Proposed Rule for Meaningful Use Stage 2 Released

Yesterday, the Meaningful Use Stage 2 Proposed Rule was made available on the Office of the Federal Register Electronic Public Inspection Desk.  The Proposed Rule will be published March 7 and will be open for public comment for sixty days.

With a focus on data exchange, the Proposed Rule addresses the Stage 2 meaningful use criteria that eligible professionals and hospitals must meet as well as proposes certain changes to existing Stage 1 criteria.  Nearly all Stage 1 core and menu objectives would remain in place for Stage 2, and eligible hospitals would be required to meet 16 core objectives and 2 out of 4 menu objectives.  Eligible professionals would be required to meet 17 core objectives and 3 out of 5 menu objectives. 
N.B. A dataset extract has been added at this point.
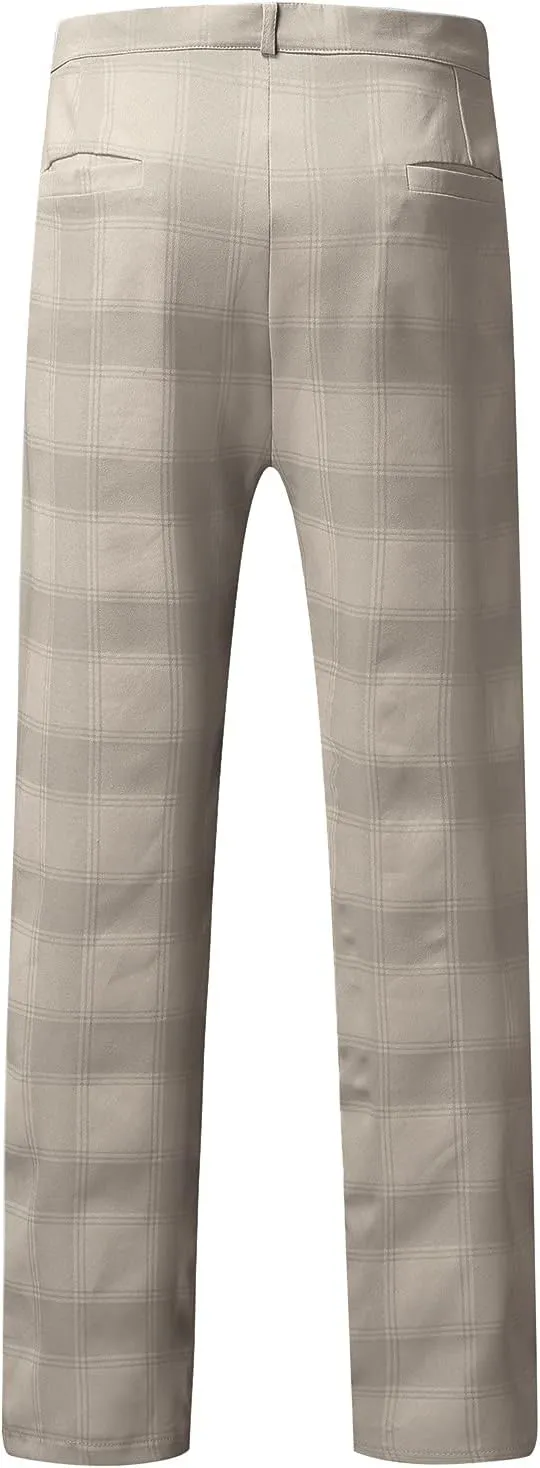 Men's Slim Fit Plaid Dress Trousers Fashion Flat Front Checkered Chino Pants Big and Tall Stretch Skinny Work Trouser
CMS has specifically requested public comment regarding processes for electronic clinical quality measure (CQM) reporting.  Eligible hospitals would be required to report on 24 CQMs with eligible professionals reporting on 12.  The Proposed Rule would also include clinical quality reporting within the definition of “meaningful EHR user” and remove it as a separate objective beginning in 2013. 

Another significant area made more robust by the Proposed Rule is the ability of patients to have electronic access to their health information (e.g., view, download), rather than access to only electronic copies of their information and discharge instructions as originally required by Stage 1.  Additionally, hospitals and eligible professionals are also required in connection with the HIPAA risk assessment that must be performed to specifically address encryption/security of EHR data at rest.  While the Proposed Rule would not require actual implementation of encryption mechanisms, it would require each hospital and eligible professional to assess the reasonableness and appropriateness of encrypting electronic PHI, and, if not reasonable, adopting alternative equivalents. 

Other proposed changes, although by far not an exhaustive list, include:

  • A more “robust” “transitions of care” core objective instead of the core objective of Stage 1 “exchange of key clinical information”, requiring exchange of summary of care records for each transition or referral of care;
  • Requiring utilization of clinical decision support intervention for improving performance on high priority health conditions to relate to 5 or more CQMs which the EP or hospital would be required to report on (proof of actual improvement not required);
  • Consolidation of certain Stage 1 objectives within Stage 2 objectives:
    • “Use clinical decision support to improve performance on high-priority health conditions” would include Stage 1 drug-to-drug and drug-allergy checks
    • “Summary of care record for each transition or referral of care” would include Stage 1 active medication, allergy and problem lists
    • eRX objectives for eligible professionals and hospitals would include Stage 1 drug formulary checks
  • Expansion of CPOE to medication, laboratory and radiology orders, clarification on how and when CPOE must occur, and increase of measure from 30% to 60% of orders created;
  • Secure e-mail protocols
  • Expansion of the definition of a Medicaid patient encounter;
  • Process for Medicare payment adjustment beginning in 2015; and
  • Official delay of Stage 2 until 2014.